The quest to impose political liability can stretch over a long period of time. Julia Gillard is still appearing before enquiries to answer for something that occurred in her professional life almost 25 years ago. So we may assume there is no statute of limitations for charges of culpability for political misdeeds. And in the case of the carbon tax abolition debacle, abundant evidence of culpability not only on the public record, but has been proudly proclaimed.

But how can damages for consequent loss be apportioned in the future? Unfortunately, we must wait for a time when the consequences of climate change are so dire that the world is forced to take urgent remedial action. When it is agreed that geoengineering is needed, then the deniers will have recanted and retreated. But they will be unable to escape blame. And Tony Abbott will be the prime target.

But he did not act alone: all members of parliament who voted to abolish the carbon tax are culpable. We may also include as liable all those who actively conspired and assisted in the campaign to get those members elected. It would not be hard to track down all those who were involved in the infamous campaign to 'axe the tax'. We should make note of all those responsible.
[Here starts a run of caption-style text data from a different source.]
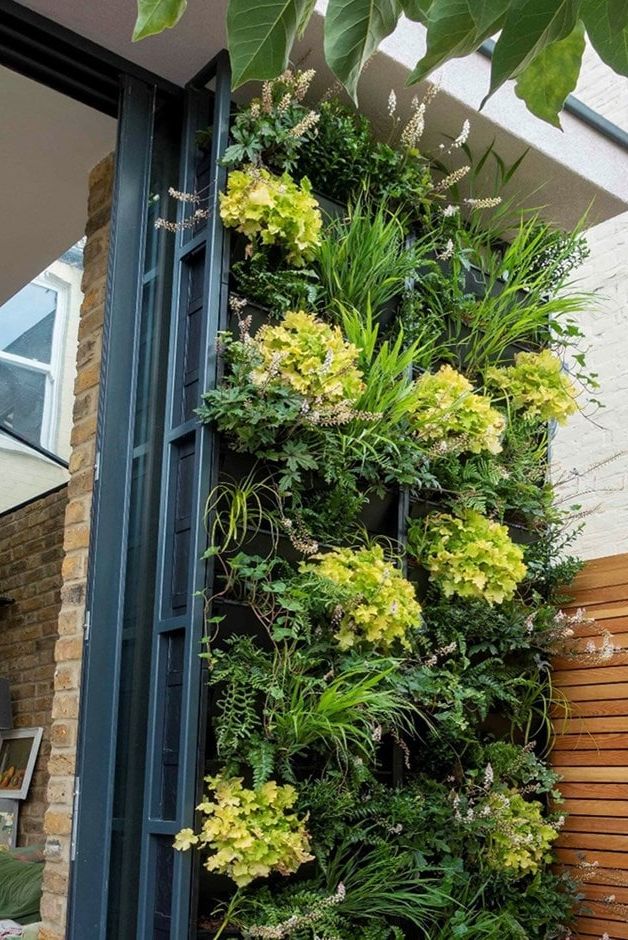 How To Create A Living Plant Wall In Your Garden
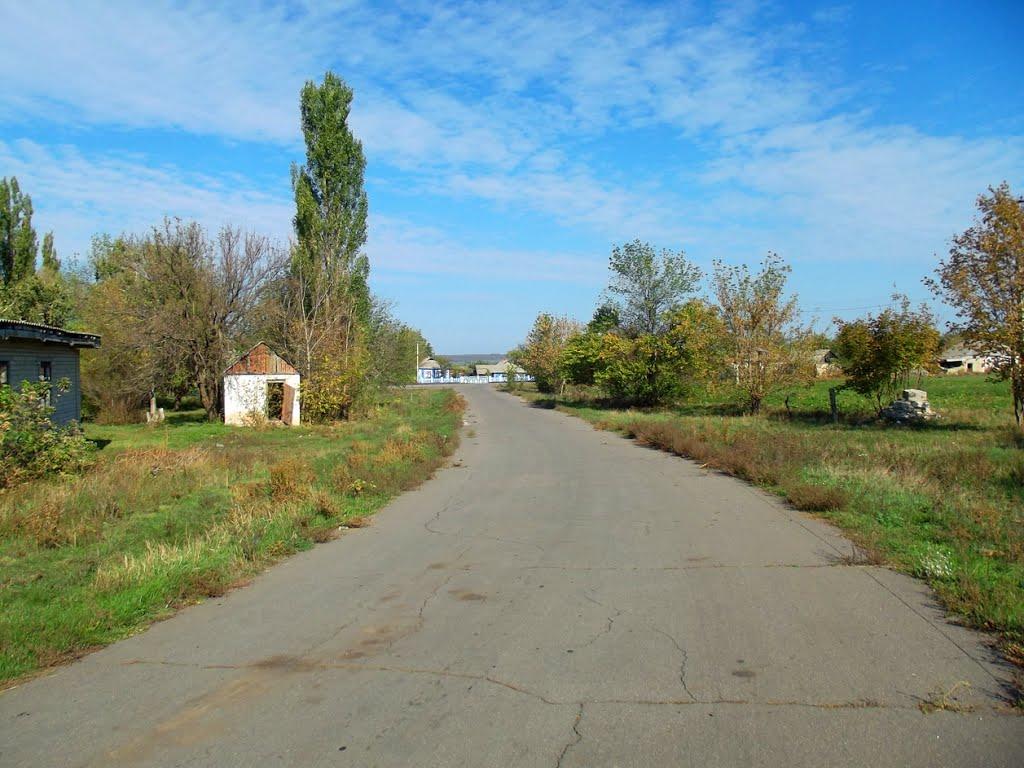 Коштове з panoramio.com - Коштове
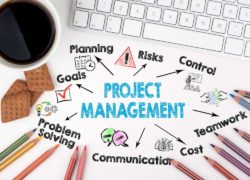 Project Leadership & Management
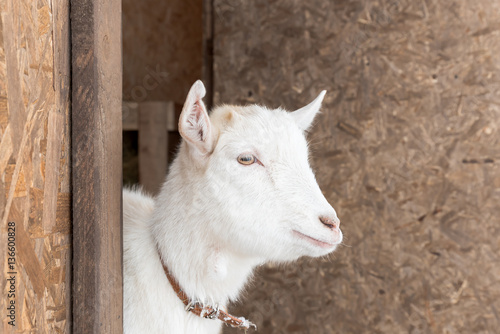 White goat - One white cute goat is in a barn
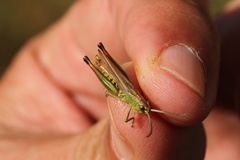 Pseudochorthippus parallelus parallelus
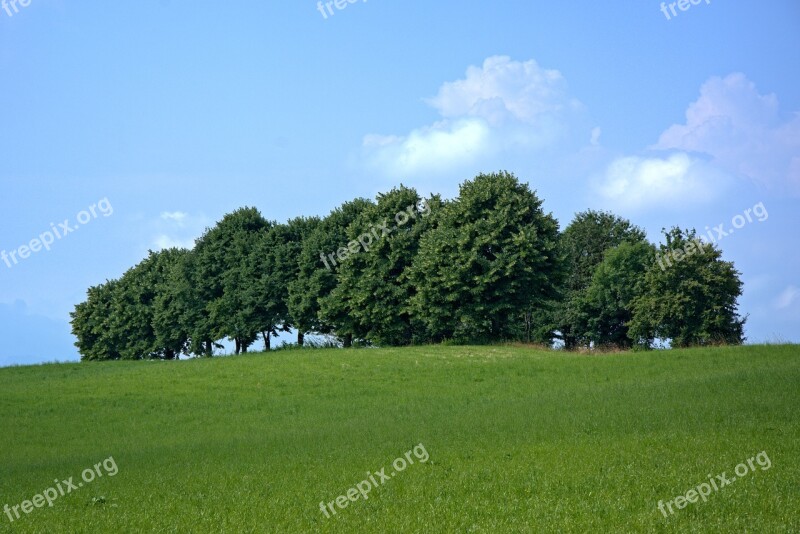 Trees Group Nature Mood Grove Of Trees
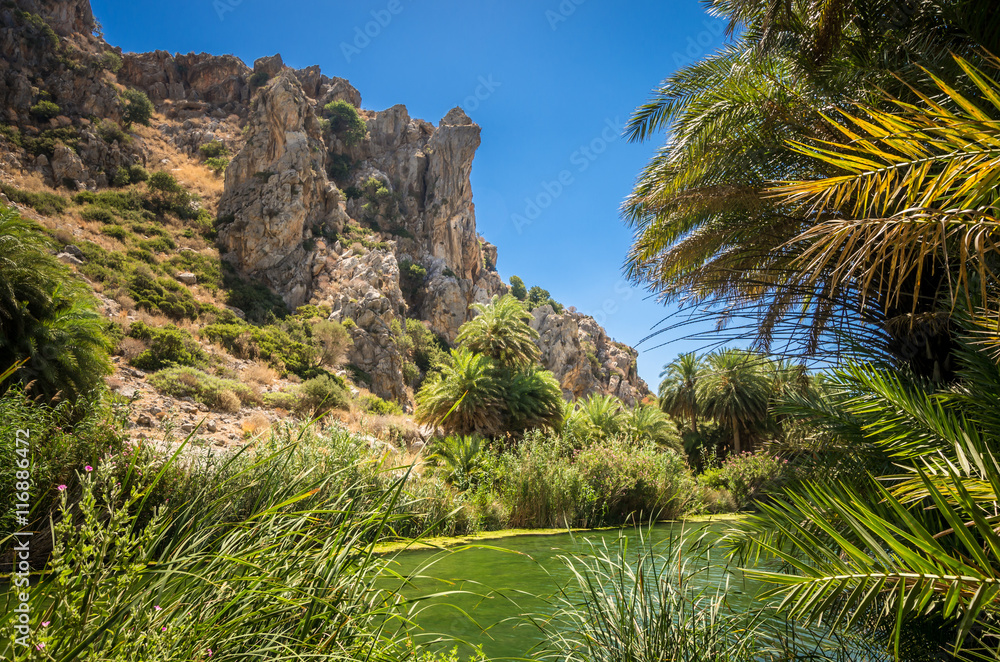 Preveli palm forest in Crete island, Greece. This amazing tropical forest is located in the gorge of Kourtaliotis near the beach of Preveli.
The consequences we are talking about are not the trivialities of current political vendettas. The financial damages of unchecked climate change will be vast. Increased costs and loss through more frequent natural disasters and loss of crop production due to drought and flood are only the beginning. When coastal inundation due to sea level rise starts to bite, civilisation will really be in crisis.

The cumulative financial cost, due to the wilful malevolence of politicians such as Abbott, will be gigantic. Of course, the problem is global and Australia is only a small contributor. But only Australia has deliberately reversed an effective and operational remedial measure, with a premeditated and reckless desire to increase the damage.

Taking into account our coal exports, Australia causes about three percent of global carbon emissions. Therefore all those responsible and complicit in the wicked campaign of destruction and deception should be put on notice: you will be held liable for three percent of all global costs. We know who you are. The damage is your responsibility and you will pay.